Today is the first last day of work I’ve ever had.
Before my current job, the only other job I’d ever had was at Starbucks. I worked there for 6 years through high school and college and I loved every single second of it. (If Starbucks could match my salary, I would sling lattes all day, every day.) After I graduated college, I wanted to move to Chicago so I put in a transfer request.
I was placed at a new store in the city. I was still applying for full time roles, and while I was between stores, I was offered a position as a Recruiting Coordinator at a tech sales company. I took the job and cancelled my transfer request. So while I technically did quit from Starbucks, I didn’t even know I was working my last shift when I was working it.
After 5.5 years in recruiting, I am painfully aware that this is my last day at this job. While Starbucks taught me that anything is possible with enough hard work and caffeine, this job taught me that if you’re not moving forward, you’re moving backward. It’s that relentless passion for improvement that pushes me to always be better today than I was yesterday — in work and in life.
The hardest thing about leaving anywhere — a city, a school, a job — is the the people you leave behind with it. And these people are simply the best (Hi guys!!). How do I know? Because not only did they let me pick what we had for lunch at my going away party, but they came anyway even though I picked Subway!

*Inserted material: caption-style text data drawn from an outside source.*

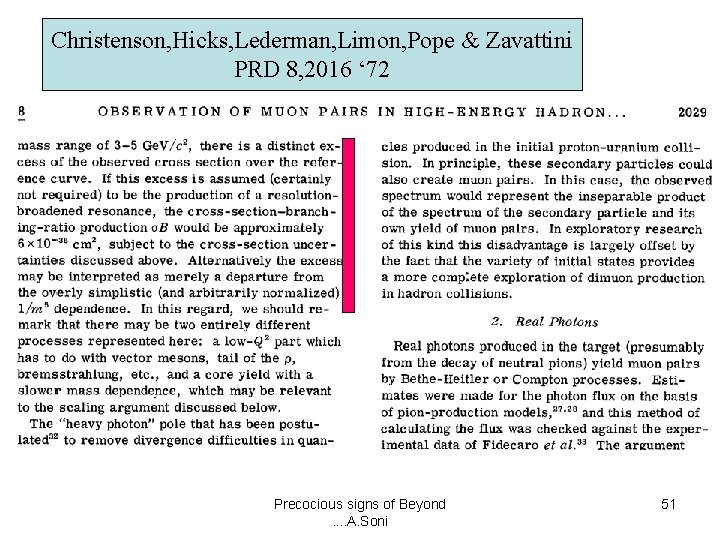 Christenson, Hicks, Lederman, Limon, Pope & Zavattini PRD 8, 2016 ‘ 72 Precocious signs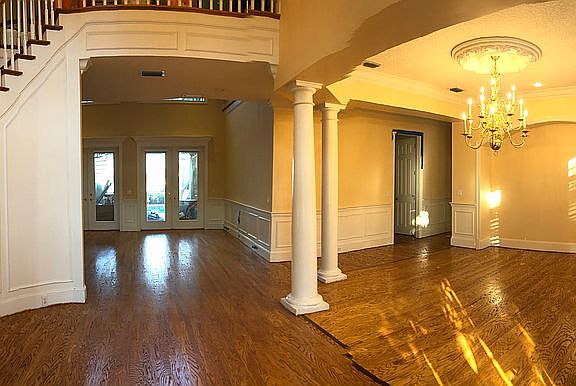 Foyer, Living room, Dining r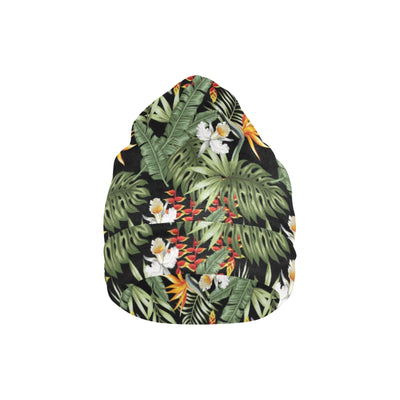 Bird Of Paradise Pattern Print Design 02 Unisex Beanie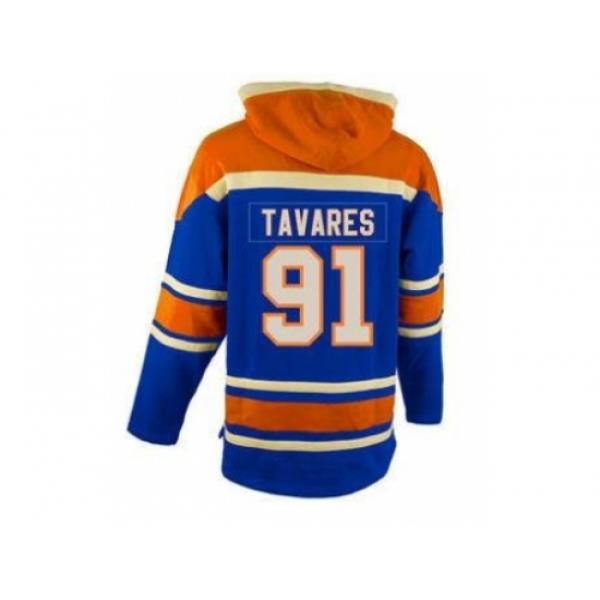 New York Islanders 91 John Tavares Lace-Up Hoodies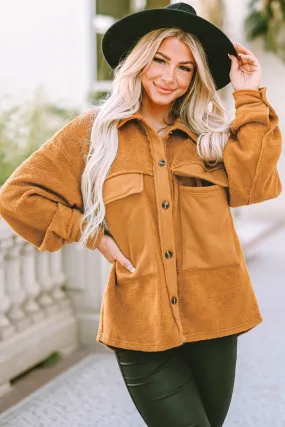 Flap Pocket Buttoned Jacket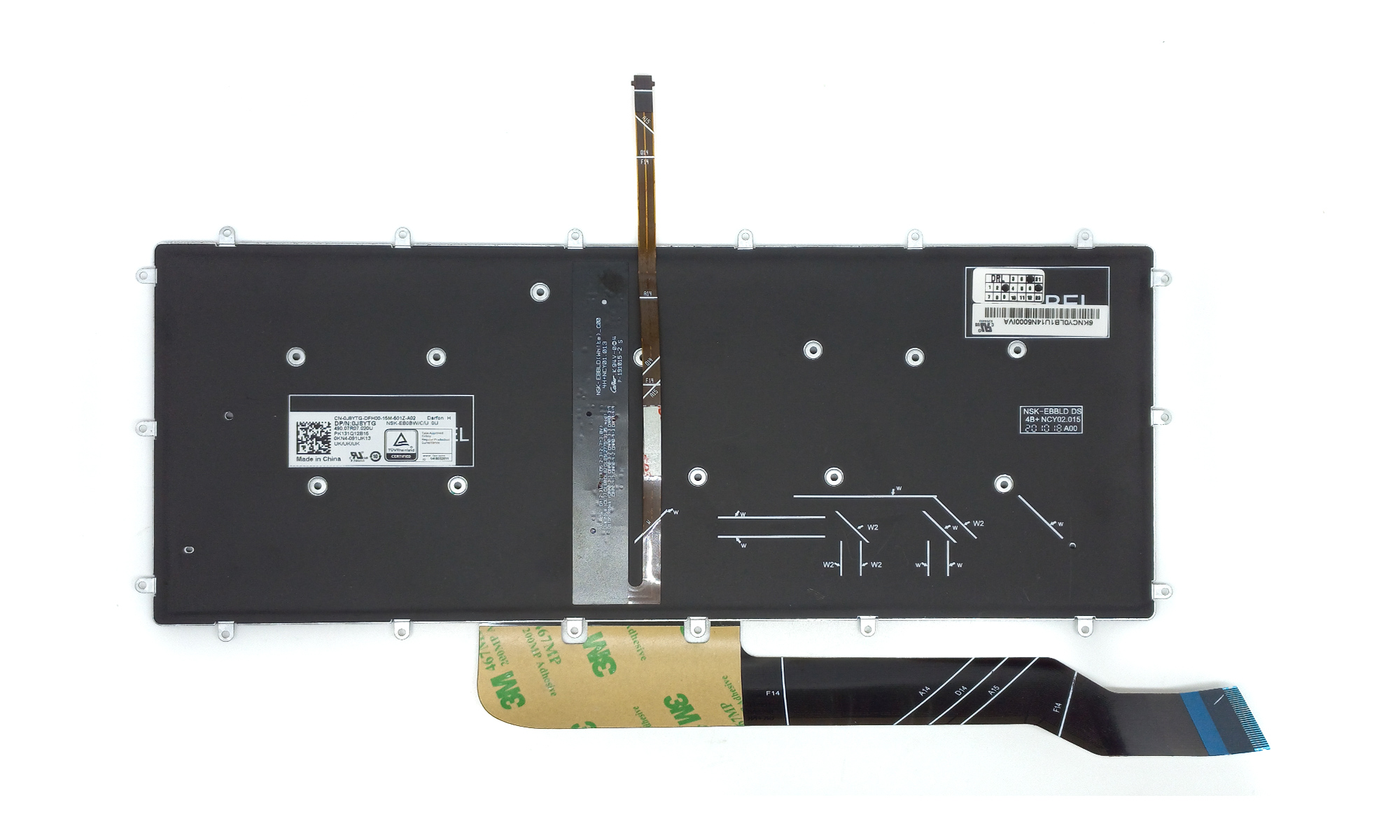 Tastatura originala laptop Dell Inspiron 13 7368, 7370, 7373, 7375, 7378, Inspiron 15 7569, 7570, 7573, 7579, 7580, Latitude 13 3379, Vostro 5471, cu iluminare, layout UK, model J8YTG Tastatura originala laptop Dell Inspiron 13 7368, 7370, 7373, 7375, 7378, Inspiron 15 7569, 7570, 7573, 7579, 7580, Latitude 13 3379, Vostro 5471, cu iluminare, layout UK, model J8YTG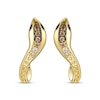Thumbnail Image 1 of Le Vian Chocolate Ombré Snake Earrings 1/15 ct tw 14K Honey Gold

It’s been a great ride. It’s been ridiculously fun and intensely challenging. I’ve been pushed to my breaking point, and that point keeps getting further and further away. I’ve learned that every chart needs a so-what, that there’s no such thing as too many nested IF/THENs and that everything looks better in Arial 10.
Today is the end of one era, but the beginning of the next. And just like we’ve always done, we’ll celebrate today, but then we will wake up tomorrow ready for the next challenge.